Tuesday, November 8, 2011

From About Last Weekend's Blog.......Tales of a Kiwi mum-of-four living in the bay area

Maori Boy Genius

Link to the movie trailer:  http://vimeo.com/27125884

He learned to memorise through the Maori tradition of singing and story telling and almost never takes notes. His first language is Maori and he learned English at four years. At 12 he began his first university degree, at 14 he googled "international politics'' and "education" and he came up with "Yale University." He applied to the Yale summer semester programme at age 15 and was accepted last year at the age of 16.


Who is this boy? His name is Ngaa Ruuira Pumanawawhiti and his journey to Yale is the subject of my sister Pietra's latest documentary, Maori Boy Genius.


Ngaa posses such evident spirituality and charisma that watching even footage of him is strangely moving. You find yourself close to tears. Among his people he is being hailed as a new leader for our confused and troubled age, a visionary who can directly tap into the wisdom of his ancestors.

Ngaa was born in the small coastal New Zealand town of Otaki. He has lived with his retired grandparents (his grandfather worked on the railways and his grandmother was a prison nurse) since the age of eight (customarily the eldest child in a family is given to their grandparents) while Ngaa's five siblings stayed with his parents.

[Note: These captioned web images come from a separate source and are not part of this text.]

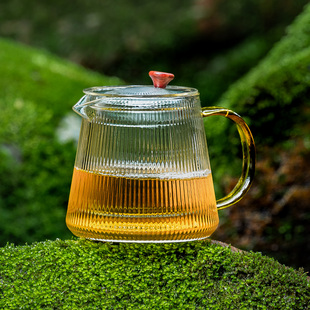 泡茶壶玻璃家用耐高温茶水分离沏茶急须壶功夫绿茶具手抓煮红茶器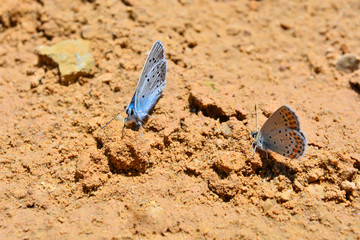 Mavi Ve Sarının Uyumu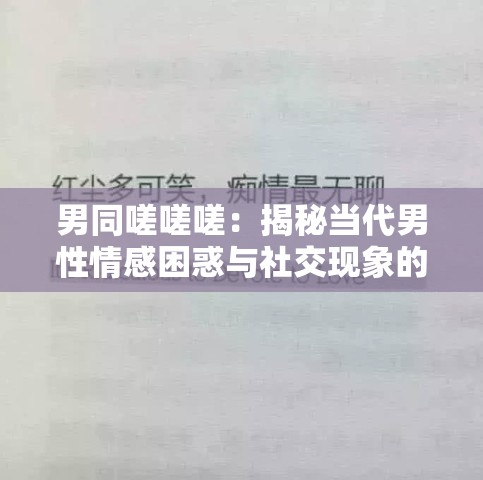 男同嗟嗟嗟：揭秘当代男性情感困惑与社交现象的真实故事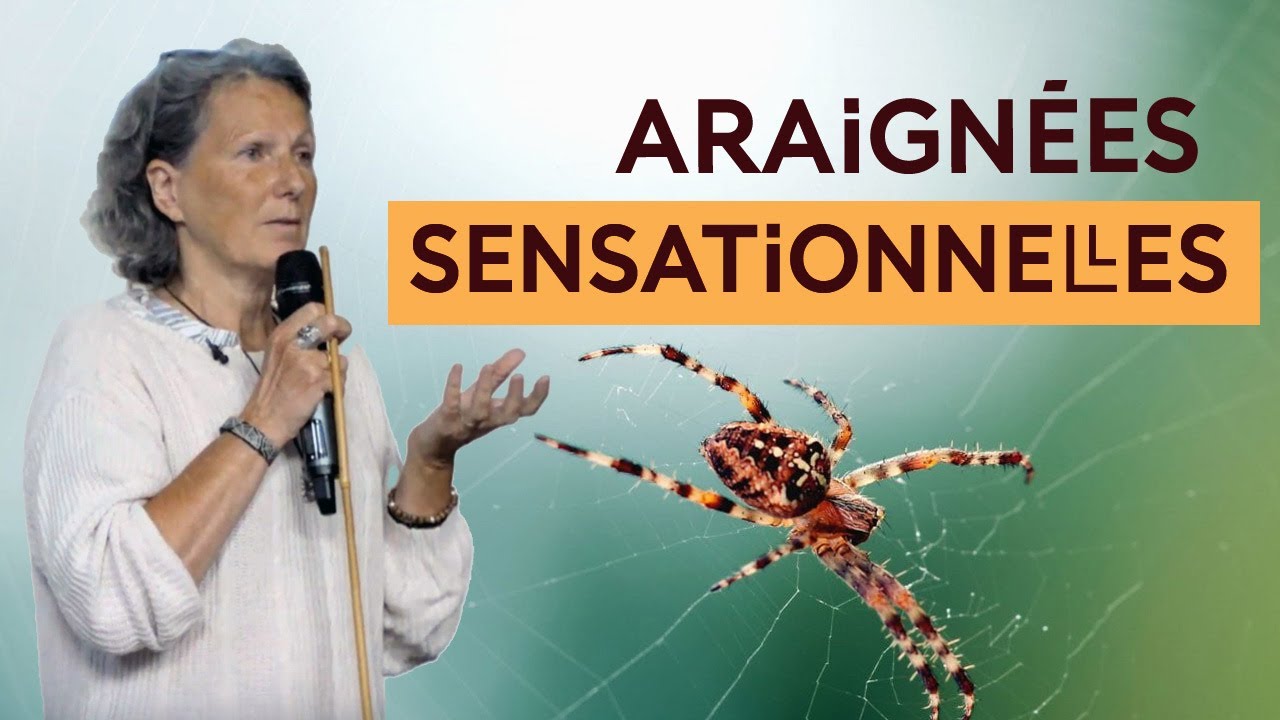 Plongée dans l'univers sensoriel des araignées - La science expliquée aux 8-12 ans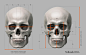 gusztav-velicsek-001-units-and-divisions-of-the-skull-for-sculpting-and-drawing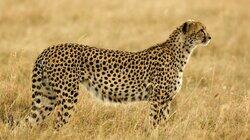 Grasslands: In Plain Sight Grasslands: In Plain Sight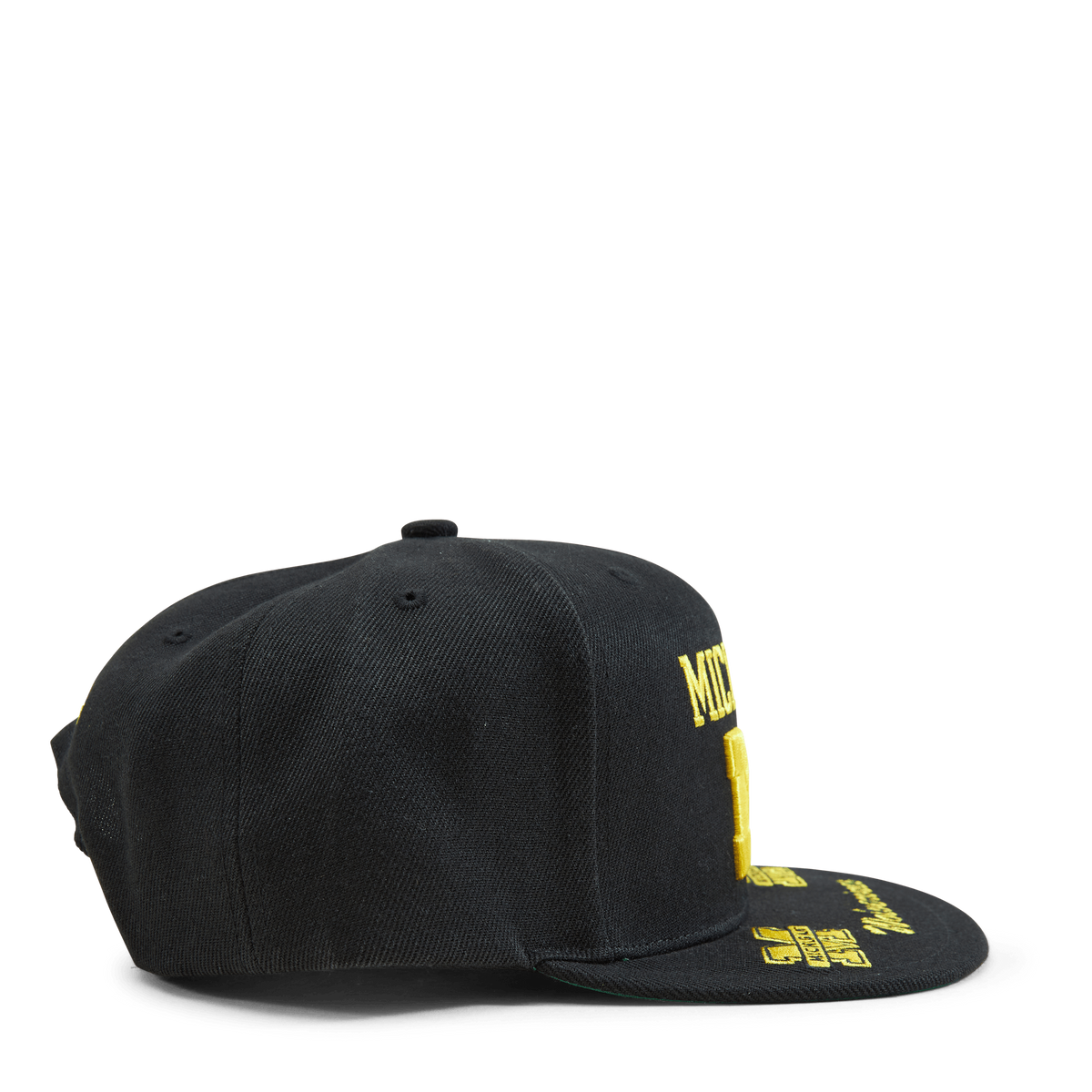 Michigan Front Loaded Snapback
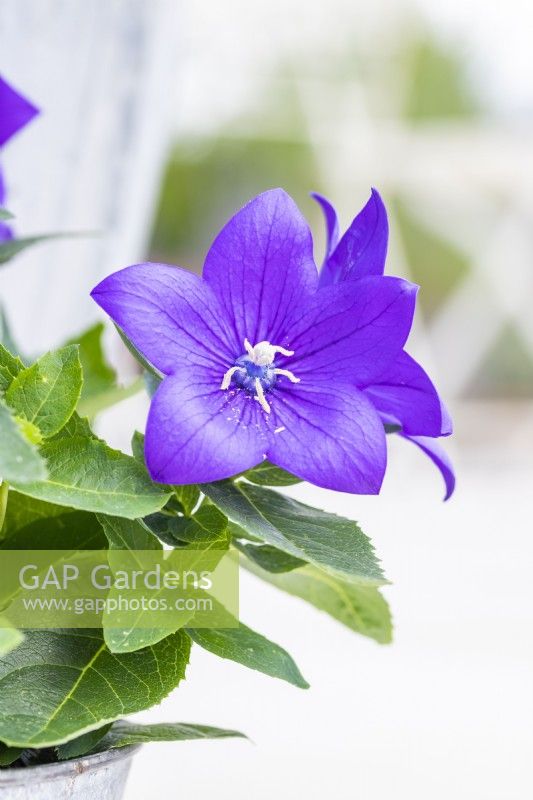 Platycodon grandiflorus 'Astra Blue'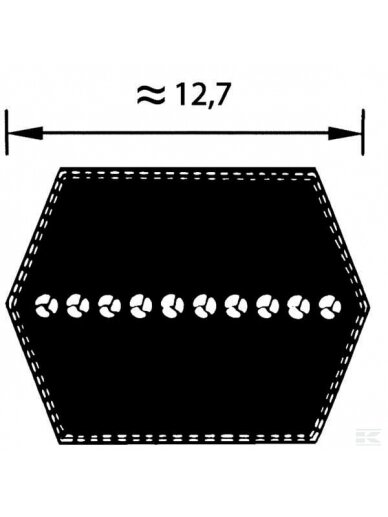 Dvipusis diržas AA128 WI22661 2 Dvipusis diržas AA128 WI22661 2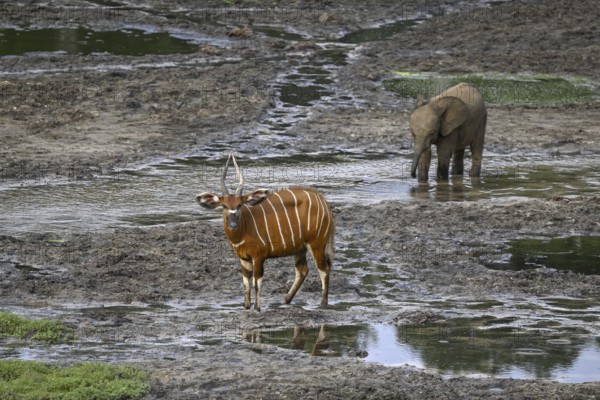 Young forest elephant (Loxodonta cyclotis) and bongo antelope (Tragelaphus eurycerus) in the Dzanga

Surrounded by his "iwi" (tribe) he has been educated in the Maori tradition where knowledge is passed down through story telling and songs. That means he seldom takes notes - he simply reads or listens and recites. Ngaa says: "We learnt songs, we learnt dances about everything like fishing. How can you go fishing if you don't know where the fish are? A song will tell us how to look for the fish and we would sing it as we went fishing."

He's also also a goofy, gangling 16 year-old Maori boy who loves to hang out with his mates; watching his best friend Riwai -  already a dad at 17 -  practise his old school popping-and-locking dance moves, eating meat pies in his friend Daniel's car and discussing girls.

"His interest is human rights,'' his mother Maakarita says: "He's been talking that way since he was 10.'' But his life is not buried in books or the internet: ``He's still a typical teenager, and he likes to be with his mates.''


Ngaa at Yale last summer

In April I saw Ngaa perform the Haka in the Te Hui Ahurei of Tuhoe, an annual festival. It had taken all night to draw the tattoos (ta Moko) on his and his group's faces and bodies. Ngaa has also smudged his face to try and reflect the environment and look like the bush as his ancestors had done. "He's different that one" said one of his elders.
   For the past two years Pietra has filmed him with his friends, travelling to Yale (for the summer semester programme) and back again to his family. "There is always the time during the filming process when you know your subjects are sick of you, sick of the camera and wished they'd never agreed to be filmed, exposed, prodded. Ngaa and his family never gave me that impression - they believed that me and my crew were part of Ngaa's kaupapa - or journey - and were committed to the film, because in the end, as he says, this educational/future leader journey is not for him, it is for his people, to bring them out of poverty."


"But please don't think this film is all worthiness" Pietra says: "there is a lot of laughter, especially hanging out with his mates, and a lot of tears when his 5th sibling is born with the whole family around and Ngaa is handed her to be named, and in his extraordinary relationship with his grandfather." 
At a time when a survey of teens just voted spray-tans and the iPhones as the top inventions of all time, Ngaa is passionately political. One look at his Facebook page tells how he champions the rights of the oppressed including his own people who were ousted from their lands, introduced to cigarettes and alcohol and banned from speaking their own language. Today a high percent of young Maori men drop out of High School and end up in prison. 

One of Ngaa's favourite quotes: "We must always take sides. Neutrality helps the oppressor, never the victim. Silence encourages the tormentor, never the tormented."

Marching for Maori land rights
Ngaa: "We have come here to show you we will not bow down!"
 Ngaa's name is based on an old tribal (Tuhoe) saying: “He uira ki te rangi he tauira ki te whenua....Like lightning in the sky, here is an example on earth.”

But it is Ngaa's grandmother who gently notes: “He’s a Matakite, a Wiseman. But he's also a boy."

The television documentary version of Maori Boy Genius will be screened on Maori Television in New Zealand on Sat November 12 at 8.30pm and repeated Sunday November 27 at 6pm.